The governor’s staff said the potential vetoes are to ensure good policy, not for revenge politics.
Really? This is the governor who only a few days ago, when asked whether she would exact retribution against senators who allowed HB 2020 to die, responded, “revenge is a dish best served cold and slowly.”
Brown announced her potential vetoes on Sunday, which means they could happen late this week. It is astounding that she would consider Oregonians so gullible as to believe her statement that she is aiming at legislation which “allocated public funds without appropriate public accountability measures and without ensuring the responsible use of taxpayer dollars.”
This is the governor who two years ago vetoed $2.6 million for projects backed by then-Rep.

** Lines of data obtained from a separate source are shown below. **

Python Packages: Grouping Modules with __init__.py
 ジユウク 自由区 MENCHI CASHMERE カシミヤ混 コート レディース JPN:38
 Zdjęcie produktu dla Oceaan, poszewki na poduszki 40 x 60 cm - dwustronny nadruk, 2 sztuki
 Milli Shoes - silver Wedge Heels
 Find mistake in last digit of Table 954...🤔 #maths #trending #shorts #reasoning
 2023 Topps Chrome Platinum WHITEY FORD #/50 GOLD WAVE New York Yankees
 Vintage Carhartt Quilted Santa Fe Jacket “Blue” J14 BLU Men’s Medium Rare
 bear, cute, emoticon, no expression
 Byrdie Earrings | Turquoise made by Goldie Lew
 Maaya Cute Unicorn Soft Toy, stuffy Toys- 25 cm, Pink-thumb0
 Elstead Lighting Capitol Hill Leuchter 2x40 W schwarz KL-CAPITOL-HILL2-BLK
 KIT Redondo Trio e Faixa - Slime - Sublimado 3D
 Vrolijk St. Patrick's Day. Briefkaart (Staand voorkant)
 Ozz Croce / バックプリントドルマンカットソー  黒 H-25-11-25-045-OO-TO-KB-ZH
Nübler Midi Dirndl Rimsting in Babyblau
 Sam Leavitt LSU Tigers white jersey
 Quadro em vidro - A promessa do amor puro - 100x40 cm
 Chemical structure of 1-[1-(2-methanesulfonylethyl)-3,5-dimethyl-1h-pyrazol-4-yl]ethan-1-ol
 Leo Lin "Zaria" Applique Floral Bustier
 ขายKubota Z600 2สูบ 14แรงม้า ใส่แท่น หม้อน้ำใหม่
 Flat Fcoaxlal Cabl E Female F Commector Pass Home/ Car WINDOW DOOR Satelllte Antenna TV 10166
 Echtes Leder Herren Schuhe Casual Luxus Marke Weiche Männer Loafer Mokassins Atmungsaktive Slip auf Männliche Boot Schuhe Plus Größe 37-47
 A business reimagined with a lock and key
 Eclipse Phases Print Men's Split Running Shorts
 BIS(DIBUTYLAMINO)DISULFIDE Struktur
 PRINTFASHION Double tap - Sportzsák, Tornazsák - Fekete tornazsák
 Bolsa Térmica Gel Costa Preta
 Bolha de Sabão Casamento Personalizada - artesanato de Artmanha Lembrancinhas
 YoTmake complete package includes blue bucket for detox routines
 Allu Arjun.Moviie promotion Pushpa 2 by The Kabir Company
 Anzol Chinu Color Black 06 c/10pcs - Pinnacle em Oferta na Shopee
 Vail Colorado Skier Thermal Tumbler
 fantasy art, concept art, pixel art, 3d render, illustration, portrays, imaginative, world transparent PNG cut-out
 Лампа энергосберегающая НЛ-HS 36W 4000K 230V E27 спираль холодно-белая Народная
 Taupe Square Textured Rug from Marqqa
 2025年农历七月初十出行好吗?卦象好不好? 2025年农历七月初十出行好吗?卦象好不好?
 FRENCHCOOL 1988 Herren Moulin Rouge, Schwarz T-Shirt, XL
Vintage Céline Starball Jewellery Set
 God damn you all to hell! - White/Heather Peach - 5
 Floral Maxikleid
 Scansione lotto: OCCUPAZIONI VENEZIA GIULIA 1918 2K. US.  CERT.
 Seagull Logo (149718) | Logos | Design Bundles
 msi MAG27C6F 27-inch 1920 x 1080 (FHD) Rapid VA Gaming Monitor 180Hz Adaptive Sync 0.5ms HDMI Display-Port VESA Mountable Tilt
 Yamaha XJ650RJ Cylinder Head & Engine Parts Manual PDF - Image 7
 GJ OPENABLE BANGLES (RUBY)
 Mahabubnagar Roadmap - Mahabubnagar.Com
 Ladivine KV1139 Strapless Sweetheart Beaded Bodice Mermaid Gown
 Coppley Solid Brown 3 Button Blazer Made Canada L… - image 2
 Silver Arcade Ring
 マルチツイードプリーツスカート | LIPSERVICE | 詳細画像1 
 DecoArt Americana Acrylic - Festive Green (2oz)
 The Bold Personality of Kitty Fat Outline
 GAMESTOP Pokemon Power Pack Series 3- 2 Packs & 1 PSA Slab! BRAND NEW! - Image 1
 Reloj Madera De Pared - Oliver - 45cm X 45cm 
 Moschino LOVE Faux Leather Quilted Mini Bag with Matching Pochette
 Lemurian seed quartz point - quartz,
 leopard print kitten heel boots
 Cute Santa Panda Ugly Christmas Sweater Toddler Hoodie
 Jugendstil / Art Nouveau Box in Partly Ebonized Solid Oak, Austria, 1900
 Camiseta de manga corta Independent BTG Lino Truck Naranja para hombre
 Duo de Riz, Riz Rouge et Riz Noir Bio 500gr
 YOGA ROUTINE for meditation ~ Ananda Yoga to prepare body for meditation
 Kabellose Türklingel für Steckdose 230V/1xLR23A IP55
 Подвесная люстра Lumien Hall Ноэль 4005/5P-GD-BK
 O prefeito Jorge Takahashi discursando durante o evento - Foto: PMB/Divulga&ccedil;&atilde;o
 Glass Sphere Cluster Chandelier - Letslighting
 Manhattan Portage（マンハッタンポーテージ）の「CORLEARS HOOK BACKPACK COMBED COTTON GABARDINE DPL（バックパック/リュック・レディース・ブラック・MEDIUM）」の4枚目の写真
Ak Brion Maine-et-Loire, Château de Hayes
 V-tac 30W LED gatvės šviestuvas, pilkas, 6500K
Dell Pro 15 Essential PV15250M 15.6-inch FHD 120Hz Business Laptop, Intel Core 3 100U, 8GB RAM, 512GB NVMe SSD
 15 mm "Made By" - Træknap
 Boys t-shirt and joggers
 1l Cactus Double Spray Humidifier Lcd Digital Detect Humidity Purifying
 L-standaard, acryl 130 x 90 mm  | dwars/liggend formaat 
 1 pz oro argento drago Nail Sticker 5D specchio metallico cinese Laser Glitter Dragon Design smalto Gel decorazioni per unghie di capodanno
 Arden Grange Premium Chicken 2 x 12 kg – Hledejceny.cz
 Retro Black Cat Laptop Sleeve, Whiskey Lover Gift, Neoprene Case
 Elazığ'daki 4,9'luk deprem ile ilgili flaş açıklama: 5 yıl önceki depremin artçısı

Sal Esquivel, R-Medford, saying she was holding him accountable for breaking a “straightforward agreement” to support the Oregon Health Plan. Esquivel had provided the lone Republican vote in the Oregon House needed for passage of the OHP funding. But he then tried to overturn that funding through a referendum.
At least Brown had the guts to admit her retaliation in her veto letter. The laughable irony is that she began that letter by saying her leadership style was to establish goals and work with others “to achieve these goals collaboratively using the democratic process and without being dictatorial.”
Brown backed off vetoing a third Esquivel project after hearing from people in Southern Oregon. Maybe there is a chance she will change her mind this week on the potential vetoes,
Don’t count on it. Brown’s attitude toward rural Oregon came through loudly and clearly in an Oregon Capital Bureau story this week: “That time frame where urban Oregon was dependent on rural Oregon was a while ago,” Brown said. “I would say probably more than four decades ago. So I don’t think we can go back to those times.”
Yes, times have changed. But Brown seems clueless as to how dependent urban Oregon is on the food, fiber, energy, water, recreational opportunities and, yes, the timber and other natural resources of rural Oregon — not to mention the new data centers and other rural industries.
Brown’s threat to veto HB 2437 is a direct attack on agriculture. Among other things, the bill would make it easier for farmers and ranchers to clear ditches without a state permit and expensive environmental consultation. Of the 90 Oregon legislators, 60 voted for the bill, but some hardcore environmental groups have continued fighting it.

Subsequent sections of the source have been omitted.